Credit union trade associations are disputing the results of a Federal Reserve report that found debit interchange income hasn't decreased for institutions with fewer than $10 billion in assets since the Durbin amendment exempted them from caps mandated by the Dodd-Frank Act.

The Fed said Thursday in a release that data it collected from payment card networks reveal that all of the networks provided a higher average interchange fee to exempt issuers than non-exempt issuers in 2012.

The average interchange fee per signature debit transaction for exempt issuers was slightly more than double that for non-exempt issuers. The average interchange fee per PIN debit transaction for exempt issuers was 1.3 times greater than that for non-exempt issuers. Exempt issuers received $7.4 billion in total debit card interchange revenue in 2012, compared with approximately $5.3 billion in debit card interchange revenue in 2009.

That's not what members are telling CUNA and NAFCU, according to releases from the two organizations. Both groups lobbied against the interchange cap, saying that even exempt institutions would receive less interchange income due to market forces.

NAFCU said in a release it has found that, for its members, the median interchange fee – on its face and as a percentage of transaction amount – has decreased since the rule took effect. “Credit unions continue to tell us that they are feeling the pinch of this unfortunate rule in both loss of fees and increased compliance burden,” said NAFCU President/CEO Fred Becker. CUNA said it also has heard a different story from its members, and said it is speaking with Fed officials to learn more about the report, which was gathered from survey responses from payment card networks and 102 small depository institutions. The number of credit unions that participated in the survey is not apparent from the information released, CUNA said.

”These results are welcome in the short term for credit unions across the country, but we continue to have grave concerns about debit interchange income for credit unions over the longer term, and question whether these results will stand over time,” President/CEO Bill Cheney said. The Fed said the survey also revealed that most small issuers said they did not incur significant compliance costs to meet network exclusivity provisions of the rule. Only 16% of respondents said they incurred compliance costs to enable two unaffiliated debit card networks on each debit card.

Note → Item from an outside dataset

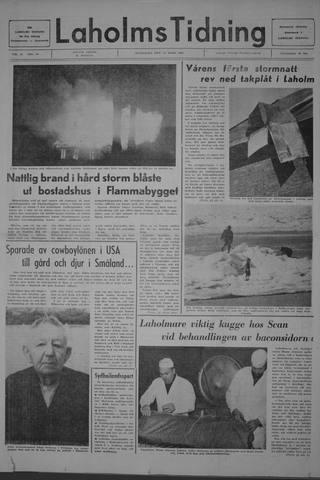 Förstasidan, Måndag 10 mars 1969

Those issuers that incurred compliance costs reported an average initial cost of 72 cents per card and average projected ongoing annual costs of $1.19 per card to come into compliance. Only three of the small issuers that responded to the survey said their cardholders complained of having their debit cards discriminated against by merchants, the report said, and the results did not clarify if the complaints were directly due to the fact that the cards were exempt from the interchange fee standard.

The Government Accountability Office and the Federal Trade Commission have also reported that exempt institutions have not experienced large declines in interchange income since Regulation II took effect.